BARU-baru ini beredar sebuah video dari salah satu stasiun televisi swasta yang menyiarkan acara berbalut busana muslim, namun justru berisi tentang pengabaran kitab suci yang notabenenya bukan milik muslim. Video ini sangat mudah dilihat di youtube. Persoalannya kemudian mengapa bungkusnya justru busana muslim? Kenapa tidak lawak, talkshow?
Muslim di Indonesia adalah objek utama segala sesuatu. Populasi yang mencapai 85% menjadikan muslim menjadi sasaran utama, apapun itu. Apalagi dalam persoalan menarik pemirsa, dan konsumen, daya pikat muslim luar biasa.
Hal ini bisa dilihat dari iklan di layar kaca yang bahkan harus mengubah modelnya yang biasanya berpakaian terbuka, berubah drastis mencari model yang berjilbab. Padahal iklan shampo yang rambutnya justru tertutup dengan jilbab. Ga’ masuk akal. Tapi muslim memang jadi daya pikat utama.
Yuswohady dalam bukunya Marketing to The Middle Class Moslem bahkan menjelaskan detil bagaimana muslim di Indonesia menggeliat tumbuh tinggi. Bank Syariah menjadi booming yang mulai mengusik bank konvensional. Hijabers yang menjadi komunitas menyeruak di tengah-tengah tren model wanita yang serba terbuka. Halal juga menjadi gerbang ajaib yang menjadikan konsumen muslim masuk di sebuah restoran. Rasanya kalau tidak halal tidak sah untuk makan di restoran. Umroh yang menjadi tren bagi borjuis menandakan muslim di Indonesia memiliki eksistensi tinggi.
Persoalannya kemudian adalah bagaimana cara melawan siaran-siaran terselubung yang mengatasnamakan Islam namun ternyata bukan? Jawabannya adalah, muslim di Indonesia punya daya tawar yang cukup tinggi pada satu agenda bersama, memboikot. Ya, gerakan memboikot memiliki efek jera yang luar biasa.
Bayangkan seandainya 85% penduduk Indonesia tidak melihat stasiun televisi tersebut. Bisa kelabakan, akibatnya tidak akan ada iklan. 50% saja muslim di Indonesia meninggalkan stasiun tv tersebut sudah menjadi peringatan tersendiri. Bahkan Sari Ayu Martha Tilaar yang digdaya di kosmetik, mulai kelabakan menghadapi Wardah yang terus menggeliat menjadi magnet muslimah.
Jika dulu persoalannya kalau meninggalkan stasiun tv yang menyerang muslim tidak ada alternatif, maka saat ini alasan tersebut sudah tidak relevan. Stasiun tv sudah menjamur, tv dakwah sudah semakin banyak. Bahkan stasiun tv yang hanya memutar al Quran di sepanjang hari dan menampilkan gambar tawaf ternyata memiliki peminat yang besar.

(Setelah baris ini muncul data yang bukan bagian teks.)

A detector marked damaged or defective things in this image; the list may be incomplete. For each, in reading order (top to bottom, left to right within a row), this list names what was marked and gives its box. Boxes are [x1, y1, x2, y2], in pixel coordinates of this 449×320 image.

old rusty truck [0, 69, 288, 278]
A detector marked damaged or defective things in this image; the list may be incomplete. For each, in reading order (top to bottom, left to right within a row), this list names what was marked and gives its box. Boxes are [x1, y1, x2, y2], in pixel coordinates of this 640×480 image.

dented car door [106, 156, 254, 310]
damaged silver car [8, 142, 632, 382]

Artinya kesempatan Muslim menjadi satu kekuatan besar akan muncul dan berkembang dengan satu cara, keberpihakan muslim sebagai pemirsa dan konsumen kepada muslim yang lain. Menjadi konsumen dari sahabat muslim adalah cara paling indah keberpihakan.
Contoh kecil adalah air mineral. Jika memang diketahui air mineral tertentu milik umat lain yang justru menyerang muslim, maka lebih baik membeli air minum alternatif, lebih bagus milik saudara muslim. Jika saudara kaya, nantinya akan bersadaqah untuk saudara muslim. Stasiun tv menyerang muslim, ramai-ramai jangan menonton.

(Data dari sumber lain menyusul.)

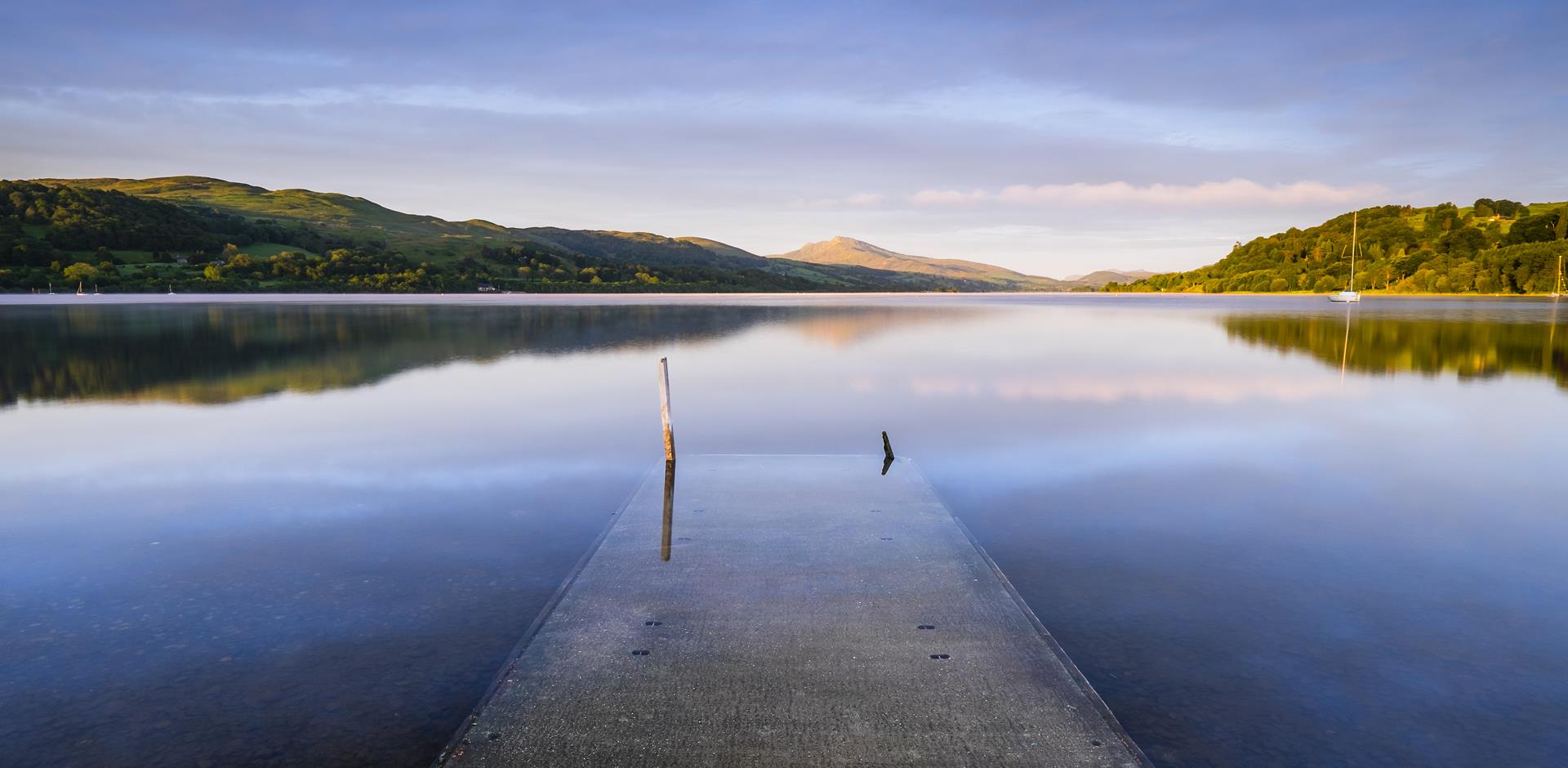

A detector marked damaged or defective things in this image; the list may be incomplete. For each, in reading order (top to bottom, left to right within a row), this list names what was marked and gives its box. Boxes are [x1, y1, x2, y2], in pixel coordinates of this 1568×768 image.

broken wooden post [655, 357, 674, 458]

Ini bukan persoalan diskriminasi. Ini justru mencontoh non muslim dalam persoalan keberpihakan. Pernahkah Anda melihat sebuah etnis tertentu yang non muslim membeli barang di toko-toko milik muslim? Pasti jarang. Meskipun butuh data namun bisa dibuktikan. Mereka lebih senang belanja di saudaranya. Untuk mensejahterakan sesama. Kenapa kita tidak melakukan kepada saudara sesama muslim?
Media juga sama. Banyak yang mengeluh media sudah tidak netral, lebih menyudutkan Islam. Cukup jangan membacanya kembali. Pembaca berkurang, daya tawar media tersebut pada iklan berkurang. Ingat, kita punya 85% populasi, jika 50% saja muslim melakukan gerakan keberpihakan. Maka muslim akan kuat.

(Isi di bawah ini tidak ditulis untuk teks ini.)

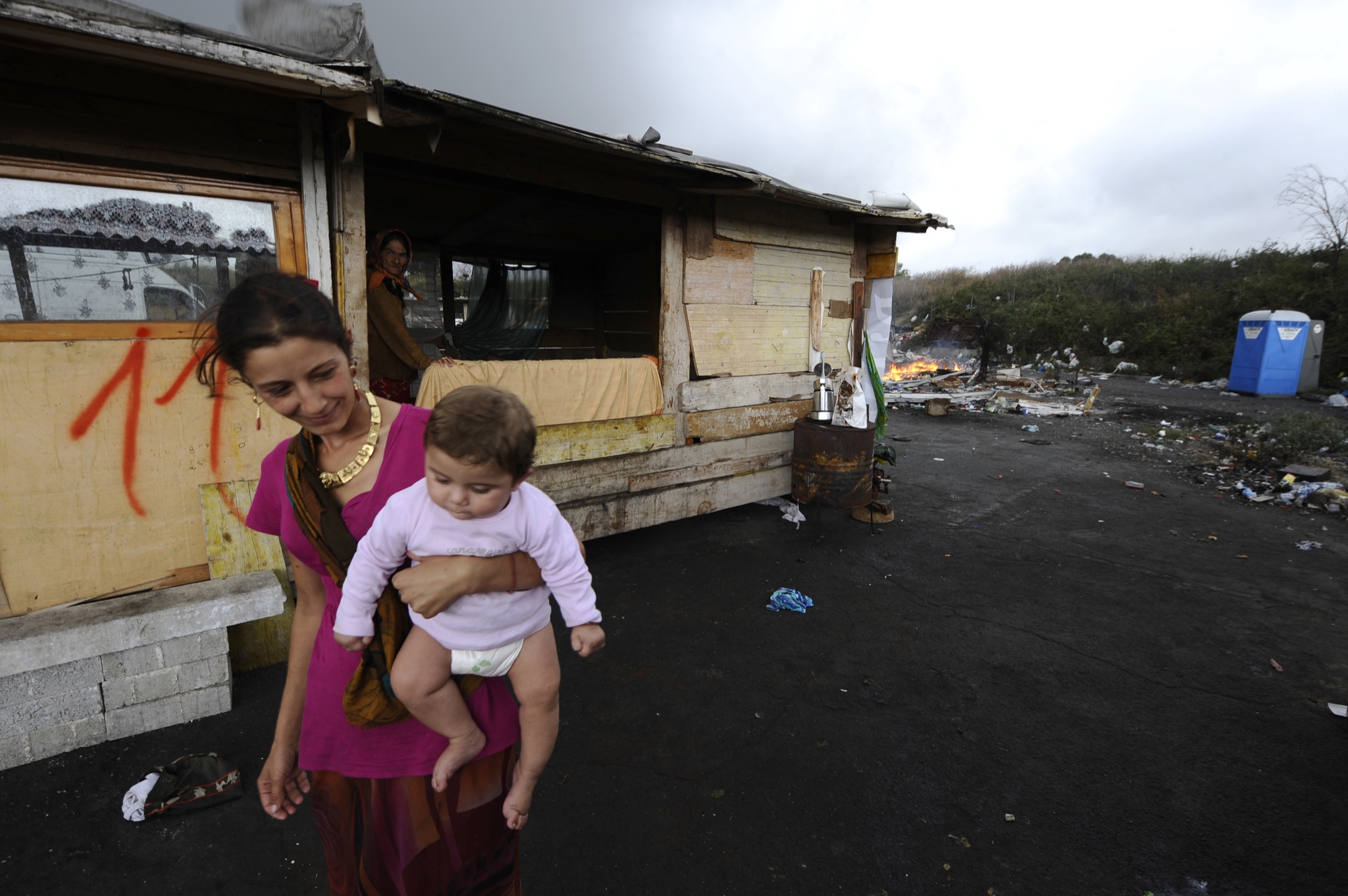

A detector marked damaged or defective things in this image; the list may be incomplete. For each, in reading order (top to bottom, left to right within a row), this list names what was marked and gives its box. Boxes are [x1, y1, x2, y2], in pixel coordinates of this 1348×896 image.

rusty metal barrel [790, 418, 874, 508]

Jangan heran meski hanya populasi non muslim 15%, namun mereka begitu menggeliat dalam ekonomi, bahkan di sisi yang lain. Jawabannya hanya satu, keberpihakan mereka yang kuat. Jangan terkejut juga jika 85% populasi muslim justru tidak menimbulkan kekuatan besar, jawabannya tentu saja keberpihakan yang lemah, lebih ironi lagi jika ternyata yang 85% lebih bangga dengan produk dari pihak 15%.